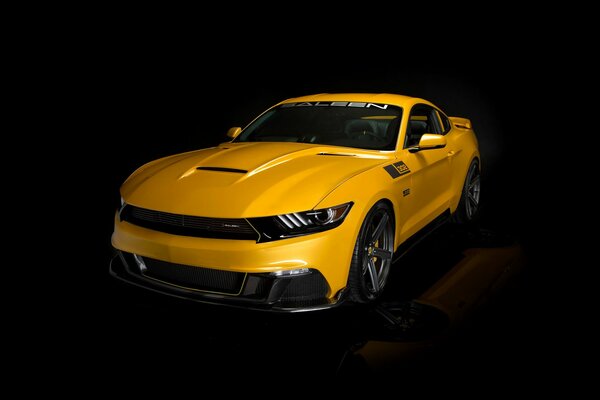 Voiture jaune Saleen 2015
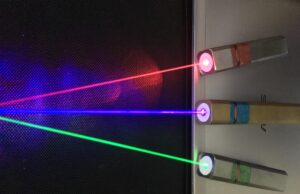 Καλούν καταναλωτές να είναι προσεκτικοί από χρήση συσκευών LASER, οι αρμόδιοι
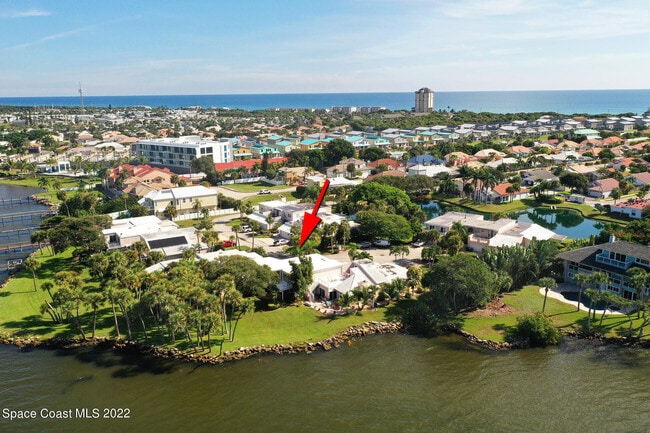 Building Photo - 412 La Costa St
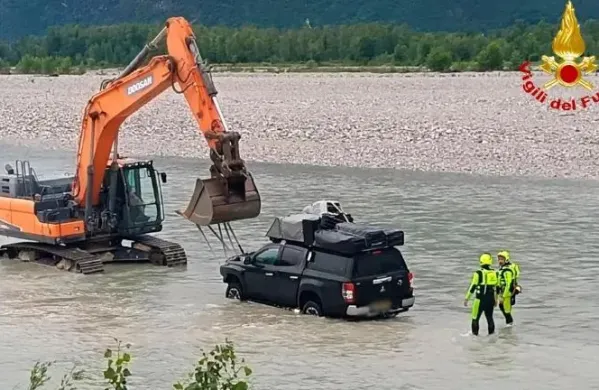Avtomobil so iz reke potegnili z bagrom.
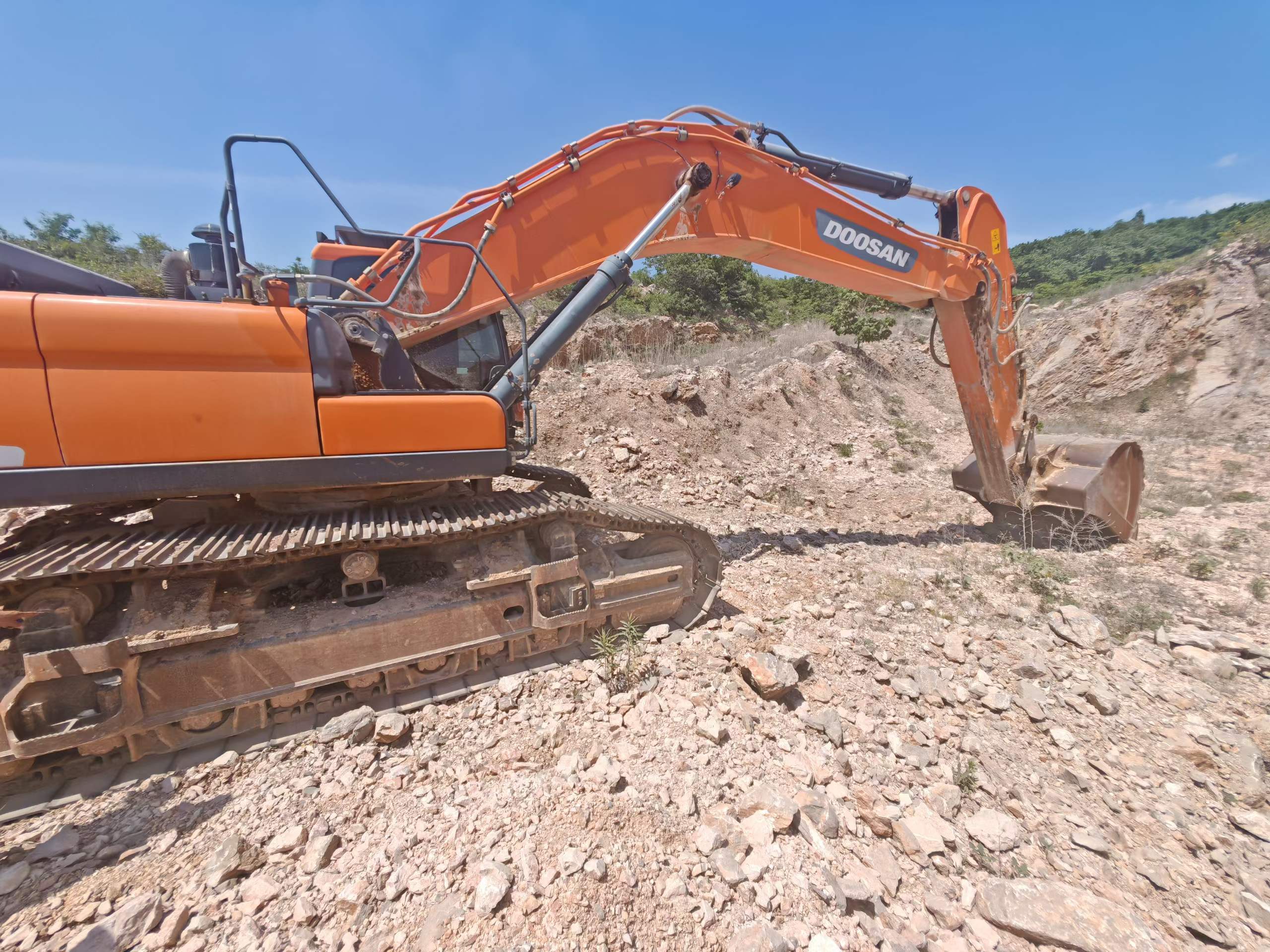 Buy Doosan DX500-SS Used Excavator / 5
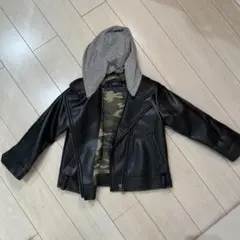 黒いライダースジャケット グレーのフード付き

Exercise objective
Skip the pictures; extract only the lines from the line with "Buy Doosan DX500-SS Used Excavator / 5" through the final line of the material, exactly as they appear.

Result below
 Buy Doosan DX500-SS Used Excavator / 5
 黒いライダースジャケット グレーのフード付き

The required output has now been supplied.